WHAT THE TASK REQUIRES: Please write out only the lines from the line with "Синдром Ди-Джорджи" to the line with "Ema Vord pre i posle alkoholizma.jpg", inclusive, exactly as they stand below, without the pictures.

DATA UNDER STUDY:
# # #

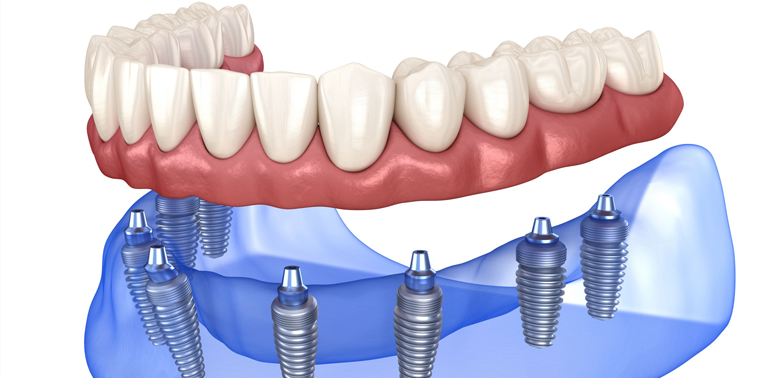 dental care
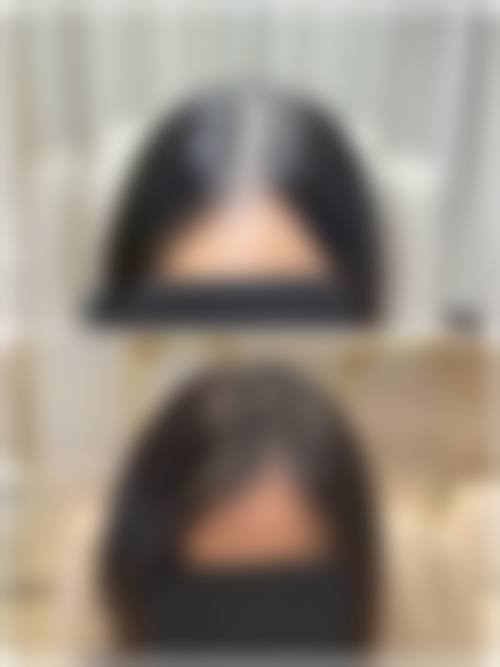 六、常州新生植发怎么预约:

# # #

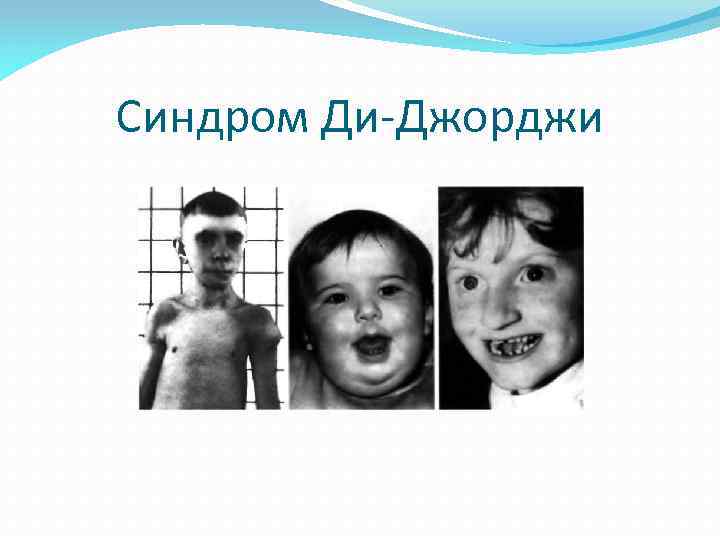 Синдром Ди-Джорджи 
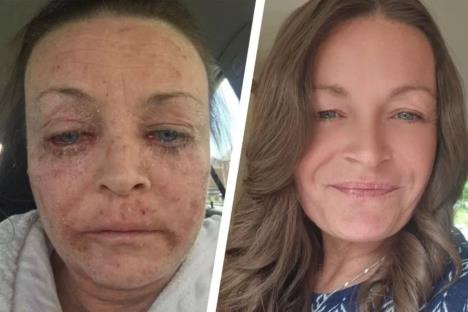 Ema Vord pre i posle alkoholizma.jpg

# # #

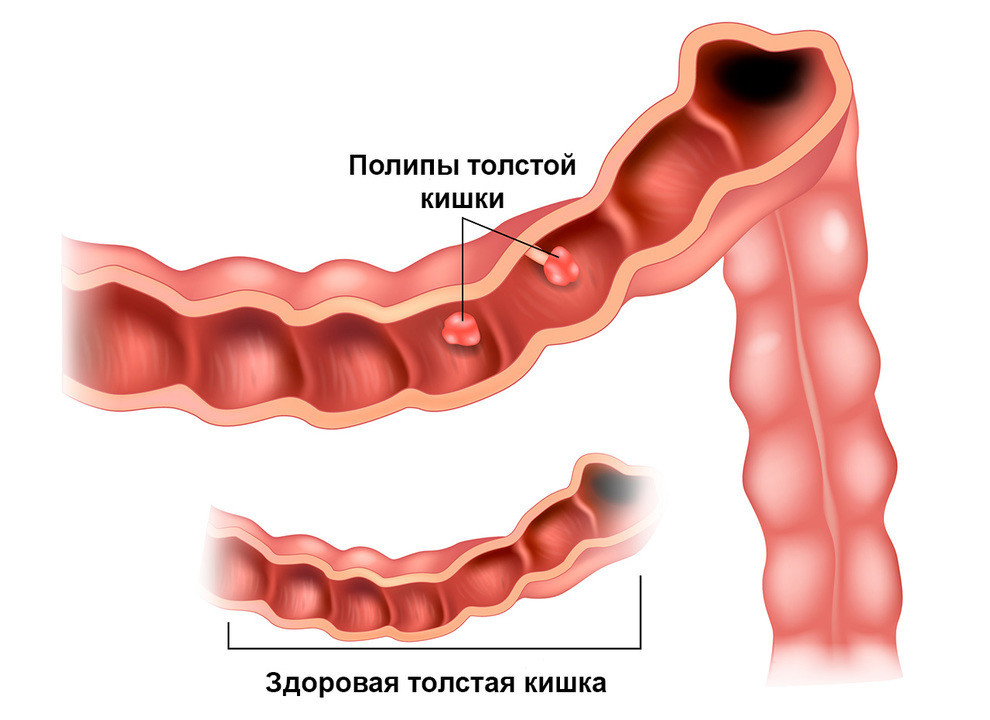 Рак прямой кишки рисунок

# # #

RESULT OF THIS EXERCISE:
 Синдром Ди-Джорджи 
 Ema Vord pre i posle alkoholizma.jpg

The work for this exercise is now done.